到了晚上,安王爷回府后,安王妃便说笑话似的把这件事说给了安王爷听,安王爷听后瞪着眼睛笑了:“那丫头真有这么大的胆子?”
“千真万确,妾身哪里会拿这件事开玩笑。”安王妃便帮安王爷更衣,便笑着点头,在安王爷面前,她褪去了之前的凌厉,笑得如水一般。
想到女儿的亲事,安王爷渐渐严肃起来,轻叹了口气:“玉儿那丫头自幼聪慧过人,连圣上都对她十分喜爱,就是在这件事上犯了糊涂,那李家各个都是奸猾狡诈之人,李培清更是个混账东西,却偏偏玉儿她什么都不肯听……”
每每提起这件事,安王爷都觉得非常心累。
“可妾身却觉得这件事未必没有转机,今日听了韩度月那番话后,玉儿便一直是无精打采的,显然是将她的话听进去了。
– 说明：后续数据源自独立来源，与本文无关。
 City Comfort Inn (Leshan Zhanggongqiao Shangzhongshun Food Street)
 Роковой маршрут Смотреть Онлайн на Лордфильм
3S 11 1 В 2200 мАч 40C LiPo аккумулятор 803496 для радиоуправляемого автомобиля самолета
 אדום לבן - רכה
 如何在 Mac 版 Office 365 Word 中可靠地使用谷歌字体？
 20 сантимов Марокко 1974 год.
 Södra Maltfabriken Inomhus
”安王妃被安王爷拉着在桌边坐下,目光柔和地看着对方。
安王爷目光一闪,却又摇了摇头:“就算玉儿把话听进去了又如何,眼下玉儿马上就要嫁人了,还能怎么着?”
“王爷此言差矣,玉儿与李家的亲事又不是圣上赐婚,谁说订了亲、请了期便一定作数?”安王妃给安王爷倒了杯茶,送到他的手边,“眼下玉儿不是还没成亲吗?若是她真能想清楚这件事,纵然退了亲,往后也不愁说不到一门好亲事,况且圣上也是一直十分疼爱玉儿的。”
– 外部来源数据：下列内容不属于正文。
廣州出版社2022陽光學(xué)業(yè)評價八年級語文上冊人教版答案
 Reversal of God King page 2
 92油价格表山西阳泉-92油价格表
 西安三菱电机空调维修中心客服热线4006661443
郡主和寻常百姓可是不同,一般女子若是有过退亲的经历,想再说一门好亲事便是难上加难,但郡主就完全不同了。
郡主的身份地位摆在那里,别说只是退过亲了,就算是曾经成过亲,后来和离了,也一样有大把的人等着迎娶郡主进门。
更何况就算事情不尽如人意,没有那么门当户对的人家上门提亲,但不是还有圣上在后头坐镇嘛?圣上对玉屏郡主一直颇为疼爱,只要他大手一挥,玉屏郡主的亲事还不是信手拈来?到时候郡主要嫁谁,自然也是随便她挑选的了。
闻言,安王爷不禁沉默下来,一番权衡后,他直接一拍桌子,将桌上的茶杯震得差点溢出茶水来:“既如此,那边不要这门破亲事了,我的女儿,怎么能嫁给那样毫无作为的人?”
“那王爷打算如何安排?”安王妃倒是丝毫没有被吓到,声音如方才一般温婉柔和。
安王爷危险地眯了眯眼睛,冷哼一声道:“直接去打断那混小子的腿,看他还敢不敢娶我的女儿!”
这么简单粗暴的方式,或许真的有用,但以李家那奸诈的做派,只怕这件事也会影响到玉屏郡主的名声。
虽说就算玉屏郡主的名声毁了,也一样能说一门人人艳羡的亲事,但安王妃爱女心切,自然不希望这种事发生。
不过要说服安王爷,安王妃肯定也不能直接这样说,他抚了抚安王爷的胸口,柔声道:“王爷先消消气,若是王爷真这么做了,就算这门亲事顺利退了,只怕玉儿也会在心里怪咱们呢。”
“那你说该怎么办?”安王爷自然也不想让女儿难过,更不希望女儿因为李培清那样的人而对自己产生误会。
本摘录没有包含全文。